Von Marx gibts ein im Osteuropakommunismus beliebtes Zitat: „Die Philosophen haben die Welt nur verschieden interpretiert, es kommt aber darauf an, sie zu verändern.“ (
PhiloMag) Das deutet so ein bisschen auf das Problem hin, aber auch auf das, was ich dir hier die ganze Zeit versuche zu erklären: Philosoph:innen werden dir wahrscheinlich die Entscheidung selten abnehmen, was du für gut zu tun halten sollst, sondern dich nur größtmöglich "verwirren", damit du, wenn du eine Entscheidung triffst, zumindest von den größten Dummheiten abgehalten wirst.

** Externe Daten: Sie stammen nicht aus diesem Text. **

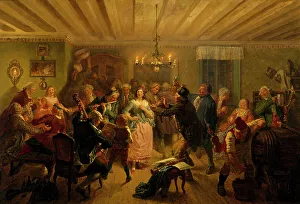 Flute Player Prints: The Concert at Tre Byttor (The Three Barrels tavern in Stockholm's Djurgården Park)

Und nicht unwahrscheinlich werden Philosoph:inen versuchen, deine eigenen Werte in ihre Argumente als Prämissen mit einzubauen, weil das das ist, was es wahrscheinlich macht, dass du nicht wie -Daniel- einfach auf Durchzug stellst.
Man guckt erstmal, welche Werte du hast und welche von diesen du auf keinen Fall aufgeben wirst und dann guckt man sich an, wie widersprüchlich dein Werk zu deinem Wertekanon ist. Eventuell schaut man sich an, ob du deinen Wertekanon modifizieren möchtest, nachdem du auf Widersprüche hingedeutet wirst. Diese Investigation ist üblich für Angewandte Ethik und, auch wenns manche nicht glauben wollen, auch das ist in der schieren Menge von Tätigkeiten enthalten, die wir heute Philosophie nennen. Ist jede:r Philosph:in Experte dafür? Provokante Gegenfrage: Sind alle Physiker:innen Experten für CPU-Design?